# R-1 or R-3



## retire09 (Aug 3, 2011)

If you have a proposed project consisting of 12 individual rental cabins with no cooking facilities, each meeting fire separation distances, would each cabin still be classified as an R-1? Renters will be transient. We do not require sprinklers in R-3s. Should we require sprinklers in rental cabins?


----------



## brudgers (Aug 3, 2011)

My personal opinion is that a detached structure like this is most similar R3.   I would treat it like a vacation house at the beach.  The problem with the R3 occupancy definition is that it gets into issues of permanency which vary across time.  But I am sure someone will say that each needs its own 13R system.


----------



## alora (Aug 3, 2011)

I'm thinking R-1, using "boarding house" definition.



> BOARDING HOUSE. A building arranged or used for lodging for compensation, with or without meals, and not occupied as a single-family unit.


----------



## zigmark (Aug 3, 2011)

R-1 or R-3

I say R-1.  R-3 is permanent occupancy and would need to meet the definition of a dwelling unit.  Your example indicated no provision for cooking which clearly meets the R-1 provision of a sleeping unit.  More to the point though is how do they intend for the units to be used?  R-3 is the catch all when not meeting one of the other "R" occupancy types and dont' forget to read the definitions for the terms used with each.

ZIG


----------



## mtlogcabin (Aug 3, 2011)

Yup those KOA kabins are real dangerous. http://koa.com/lodges-cabins-cottages/


----------



## cda (Aug 3, 2011)

R-1  because tranient

R-1 type building is not defined as in one unit or multiple units attached together


----------



## FM William Burns (Aug 3, 2011)

In our state it would be R-1 but exempt from sprinkler requirements (as amended) due to non cooking and cabin/camp designation.


----------



## Mr Softy (Aug 3, 2011)

how big are the cabins?

they're not really R-3, but they're not R-1 either.

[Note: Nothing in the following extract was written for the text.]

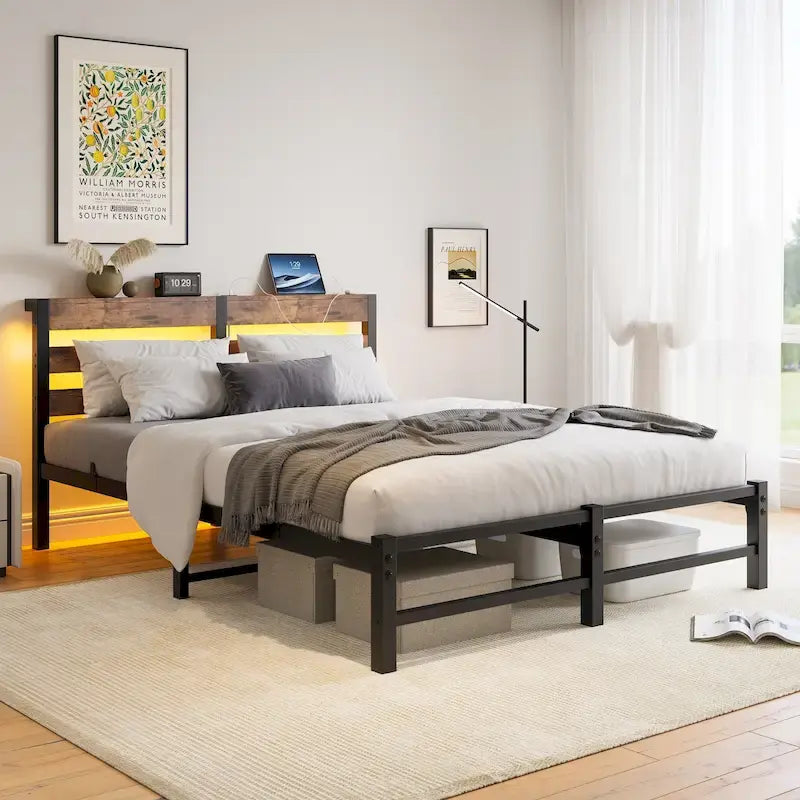 Letto matrimoniale moderno in metallo beige e marrone con testiera in legno, luci RGB e ripiano portaoggetti per camera da letto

can they be classified as Accessory?


----------



## brudgers (Aug 3, 2011)

alora said:
			
		

> I'm thinking R-1, using "boarding house" definition.


  It does not fit into the ordinary meaning of boarding house.


----------



## brudgers (Aug 3, 2011)

zigmark said:
			
		

> I say R-1.  R-3 is permanent occupancy and would need to meet the definition of a dwelling unit.  Your example indicated no provision for cooking which clearly meets the R-1 provision of a sleeping unit.  More to the point though is how do they intend for the units to be used?  R-3 is the catch all when not meeting one of the other "R" occupancy types and dont' forget to read the definitions for the terms used with each.  ZIG


  Here's the thing with your logic. If they put in cooking facilities, the case for classifying them as R3 would be stronger and the hazard would be higher.


----------



## brudgers (Aug 3, 2011)

mtlogcabin said:
			
		

> Yup those KOA kabins are real dangerous. http://koa.com/lodges-cabins-cottages/


  Those would not even fall under the building code if they are mobile homes.


----------



## mtlogcabin (Aug 4, 2011)

brudgers said:
			
		

> Those would not even fall under the building code if they are mobile homes.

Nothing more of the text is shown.